Now Larry was watching her so intently that he forgot to put on any fake expressions. Charlotte saw that and almost laughed, but instead she kept her focus and pounced:
“So then you go to the president and explain that once again the American taxpayer has to bail out these fucking idiots, to the tune of maybe twenty trillion dollars this time. She won’t like that news, right?”
“Right.”
“She might not just go catatonic, like Bush did with Bernanke, but she will freak out, and she’ll want you to have a plan. So that’s when you tell her to nationalize the biggest banks and investment firms. Bail them out by buying them out. At that point the American people are in control of global finance. In the cosmic battle between people and your oligarchy over there”—gesturing at Wall Street and the superscrapers uptown—“the people will have unexpectedly gained the upper hand. You can print money, restore confidence, crank the handle and get things going again, and after that, the ridiculous profits from finance will belong to the people. Also you can aim finance at solving people’s real problems. Congress can reform the financial system based on laws you write for them to pass, and you can quantitatively ease the American taxpayer instead of the banks. Print money and give it out to the bank of Mr. and Miz Taxpayer. It will be the biggest judo flip of power since the French Revolution!”

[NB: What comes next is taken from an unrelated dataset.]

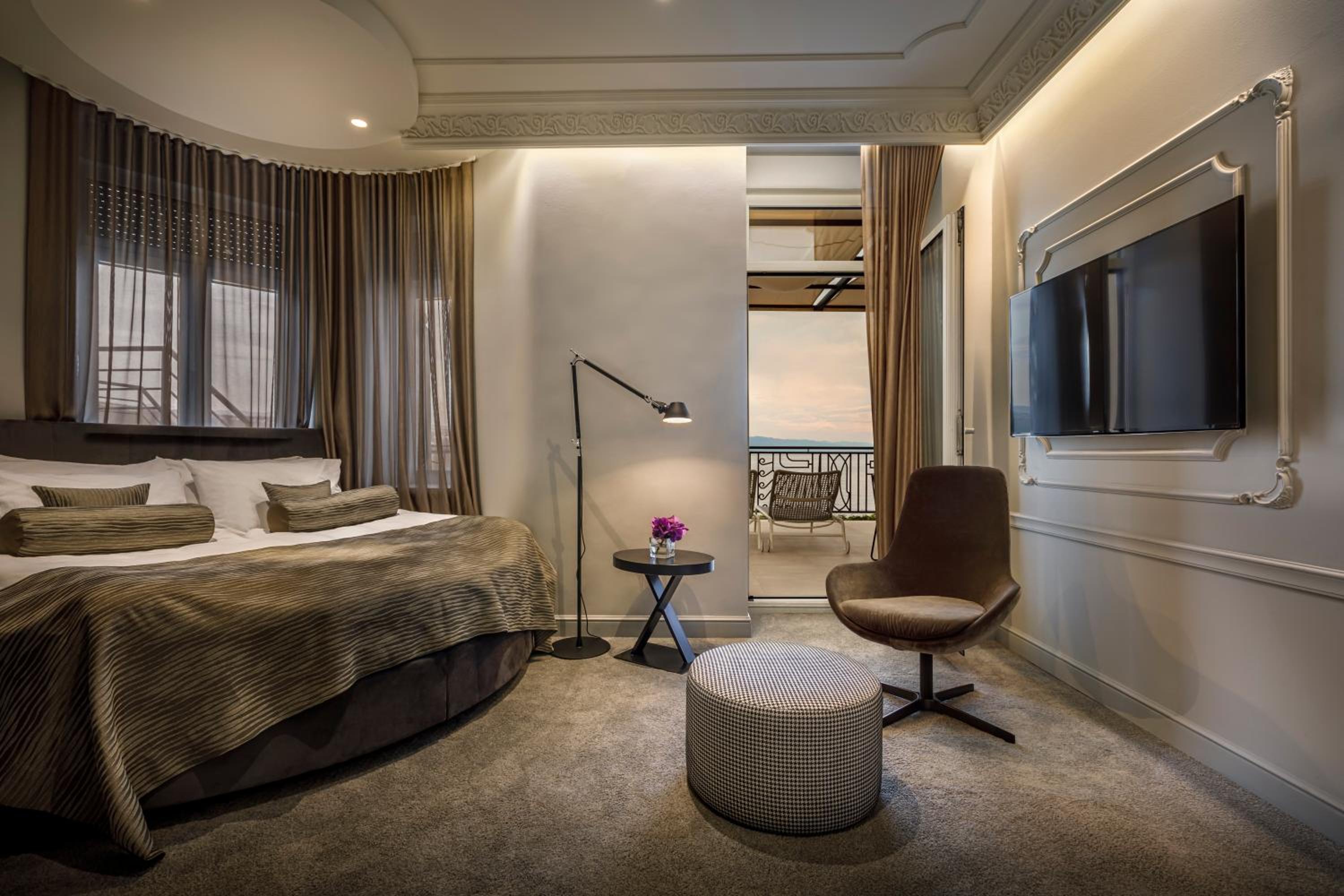 Suite with Hot Tub photo 3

Larry shook his head, trying for one of his old expressions, this one meant to express faked admiration for Charlotte, an expression she remembered very well. “You are still such a dreamer!” he exclaimed.
“Not at all! It’s a plan, a practical plan.”

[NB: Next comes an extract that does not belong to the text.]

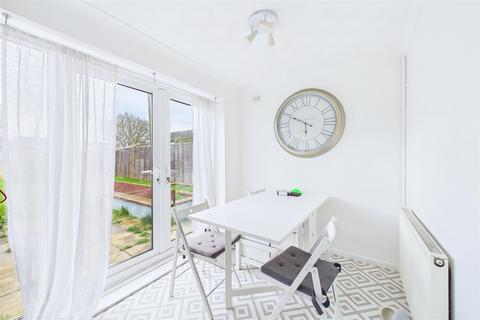 3 bedroom end of terrace house for sale, Within easy walking distance to Clevedon Town Centre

“It’s like you’re a communist or something.”
“Yeah yeah, Red Charlotte.”
“Charlotte Corday, isn’t that right?”
“I don’t know, didn’t she kill one of the revolutionary leaders?”
“Marat, right? But for being a backslider, if I recall? For not being revolutionary enough?”
“I don’t know.”
“Let’s have it that way. You’ll stab me in the bath if I don’t hold the line.”
“If you don’t save the world when the chance comes. Don’t just put Humpty Dumpty back on the wall like all the other times. They’ll just fuck things up again, as soon as they can. Because they are greedy idiots. There’s not an idea in their heads except to line their pockets and head for Denver.”